However, a regular vendor realizes that some guys want only the chassis and other guys want bodies. So, you break the car down and sell them seperately. And of course the combined price for buying them seperately is going to be greater than the price of a whole car. But for the guy who only wants one or the other, he saves by not buying what he doesn't need.

No one is going to sperate the bodies and chassis and sell them at the same price as the whole car - why would anyone do that? Eventually you will probably get stuck with some undesireable bodies that you'll have to sell at a loss just to clear out the inventory. This is a business to some guys and they have to make money. The sum of the parts always costs more than the complete car.

Joe


----------



## NTxSlotCars (May 27, 2008)

O-ring front tires make a huge difference.


----------



## ropes (Jan 30, 2008)

Old Blue, I was thinking that was a possibility also....I too am cynical!!

NTxSlotCars, I like using the O Rings too. One of the cars I built with new parts sputters around the track until I put on a set of stock front tires, then it does OK at best. Its almost like the magnets were too close to the track and holding it back?

I only built them from parts to satisfy my tinkering bug. I'm a huge fan of Budshocars and will probably just buy new complete chassis next time. I appreciate everyone's input!!


----------



## Andrij (Jan 30, 2004)

The other day i pulled out 6 Johnny Lightning x tractions out of their boxes to use as runners. Well, 2 moved, 2 sat with the gears spinning, and 2 were rather sluggish.

I looked in my parts boxes, and found some of the old AFX gear clips. You know, the ones that go over the arm plate and hook onto the chassis. I replaced all 6 of the ones on the xtractions with the old AFX ones, and suddenly i had 6 runners. 2 were almost dead silent, and the other 4 ran with a touch of noise.

3 of the cars decided they did not like the front tyres they had, and proceeded to drop them on the track, so i ditched all the front tyres and replaced them with NOS "Goodyear" tyres. Now i have 6 relatively fast, smooth chassis that run really well.

I just wish that i could make my old AFX and magnatraction chassis run as well.

Well, that is my 2 cents worth.

Andrij

PS. I found amongst all the bits and pieces i have, about half a dozen female g-plus chassis with the clip in rear ends. They are narrow enough to slip under some diecast bodies i am in the process of converting.

As soon as i learn how to take proper pictures with my camera, i will post them up.


----------



## dlw (Aug 17, 1999)

Andrij, on your older Afx's, try checking those pickup and comm brush springs to see if they are compressed, and the comm brush holders. Gently stretch any compressed springs so they match a new one, and make sure the comm brush holders are parallel with the chassis. If needed, give your axles and arm shafts an oiling.


----------



## Andrij (Jan 30, 2004)

*Hmmmm*

Dlw, thanks for the tips.

I actually started replacing old parts in my old afx and magnatraction chassis's with NOS parts i have lying around, but still i have issues.
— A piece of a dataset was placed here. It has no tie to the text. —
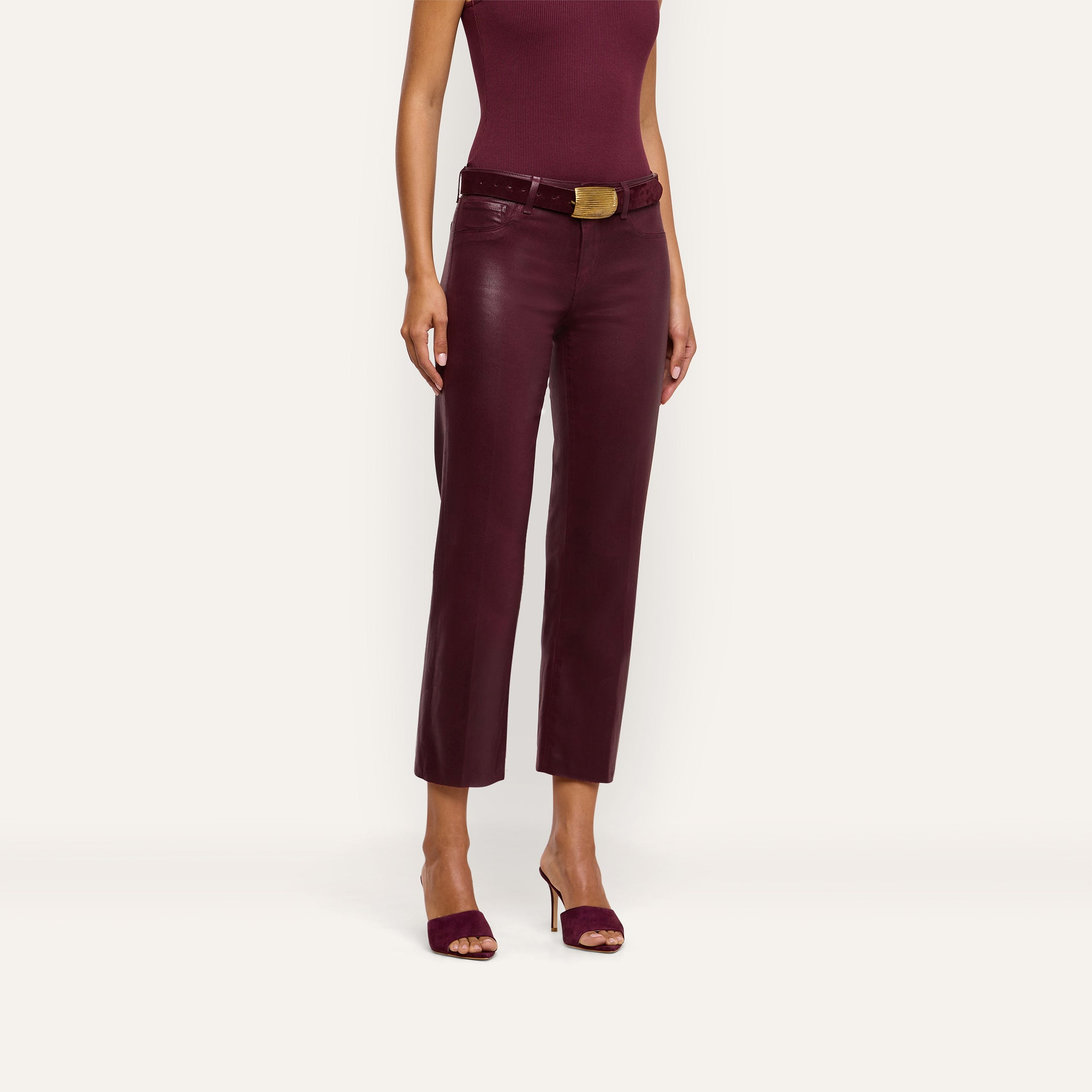 A woman is shown from shoulders to feet wearing a sleeveless burgundy top, open-toe heeled sandals, and the Wanda Coated Cropped Wide-Leg Jean in a high-rise burgundy style with a belt.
I finally started tinkering with a proper power supply i bought a few years back. It is a variable voltage/amperage unit, able to go from 0 to 30 volts and from 0 to 2.5 amps. I set this up for one lane only, for the time being, to try some things out. Cars at 30 volts 2.5 amps go too fast to control, if they last. 2 dead super g-plus chassis and a dead magnatraction chassis later, i turned the voltage down to 10 volts.Just about all my AW magnatraction cars run super smooth on this voltage, whilst my old school afx and afx magnatraction dont like it.I wired up a parma 45 ohm contoller instead of the tomy contolller, but still, my old school cars hate the voltage. Am i doing something wrong?

Well, i will be stripping down almost all the chassis, and rebuilding them. The auto world ones will get a clean and oil, the afx ones, hmmm, dont know what i will do with them.

Hopefully i can get 8 aw chassis to run similar times on the one lane, so i can have 8 parity cars for when my nephews and my son come over. Similar chassis with cars painted to match the lanes.

Well, have a good day.

Cheers
Andrij


----------



## Xence (Oct 2, 2007)

Andrij,

Here's a trick I learned from someone either here or on a t-jet board. I'm not a t-jet guy whatsoever but the concepts apply perfectly. Just as someone else stated earlier "a pancake motor is a pancake motor." 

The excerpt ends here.